The Infrastructure Play
Visa is moving its stablecoin strategy from research to retail plumbing. The payments giant announced on Wednesday it has selected BVNK to power stablecoin infrastructure for Visa Direct, its $1.7 trillion money movement network. The partnership enables businesses to fund payouts using stablecoins and allows end-users to receive digital dollars directly into their wallets, bypassing traditional banking cutoff times.
The Mechanism: Digital Pre-Funding
This integration solves a specific liquidity friction: treasury management. Traditionally, businesses using Visa Direct must pre-fund accounts with fiat currency, a process often bottlenecked by weekend banking closures.
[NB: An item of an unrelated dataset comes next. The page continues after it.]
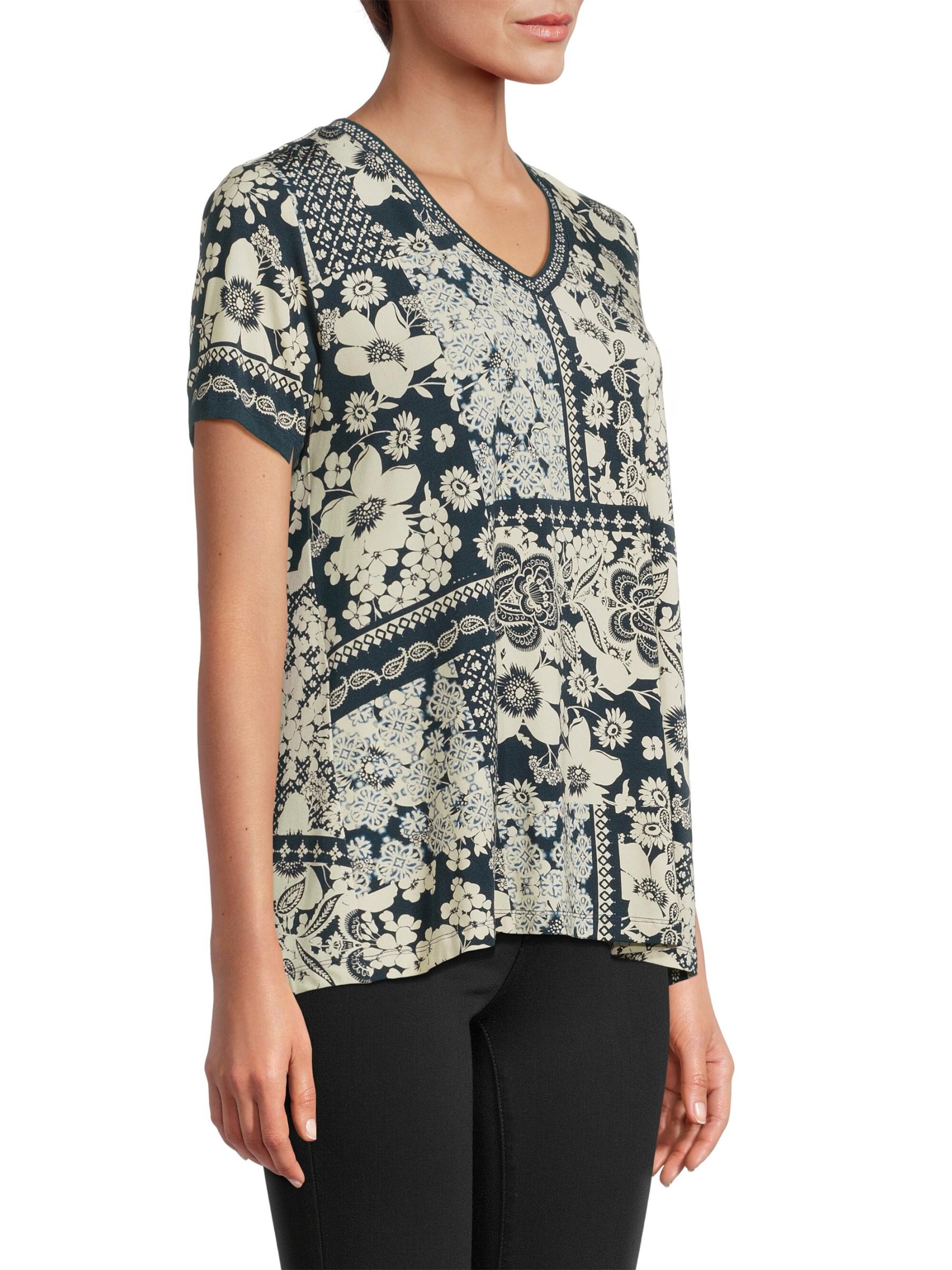 Johnny's - しーば Shop Johnny Was - The Janie Favorite Swing Top | Saks Fifth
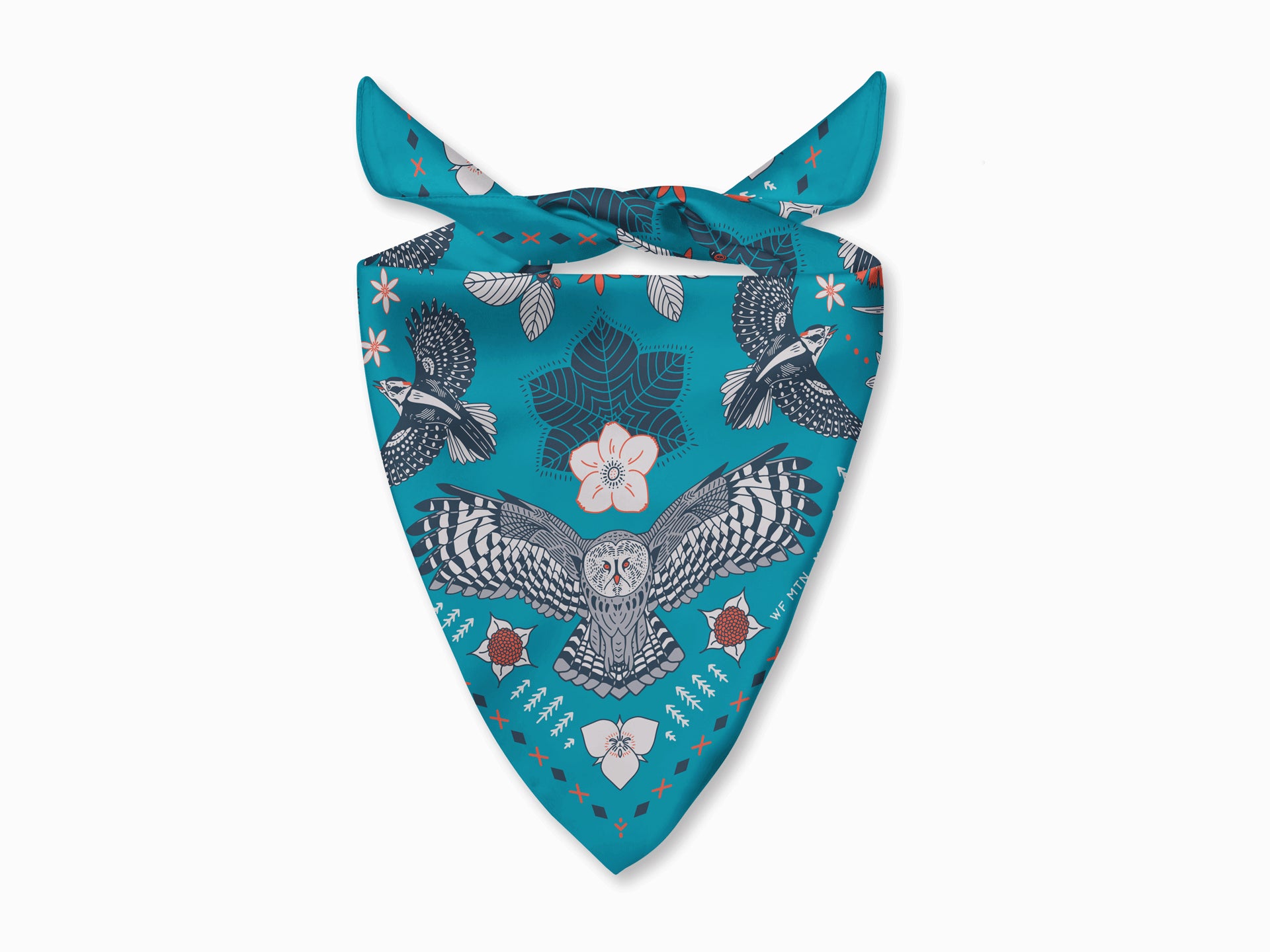 Whitefish Mountain - Flathead Valley - Montana - Bandana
Under the new pilot, corporate clients can fund these accounts using stablecoins (primarily USDC) via BVNK’s rails.
Stablecoins are an exciting opportunity for global payments, with enormous potential to reduce friction and expand access to faster, more efficient payment options – including during weekends, holidays and when banks are closed.
Mark Nelsen, Global Head of Product at Visa.
Institutional Context
This is not a cold start for the two firms. Visa Ventures invested in BVNK in May 2025, signaling long-term intent to internalize crypto-native settlement rails. BVNK itself is no small operator, reporting $30 billion in annualized stablecoin payment volume, a figure that suggests significant traction in the B2B cross-border sector. For Visa, the move represents a concrete step toward hybridizing its network, allowing it to compete with crypto-native payment processors that offer instant, 24/7 finality.
The rollout targets “approved markets” initially, likely focusing on jurisdictions with clear stablecoin regulatory frameworks before a wider global expansion.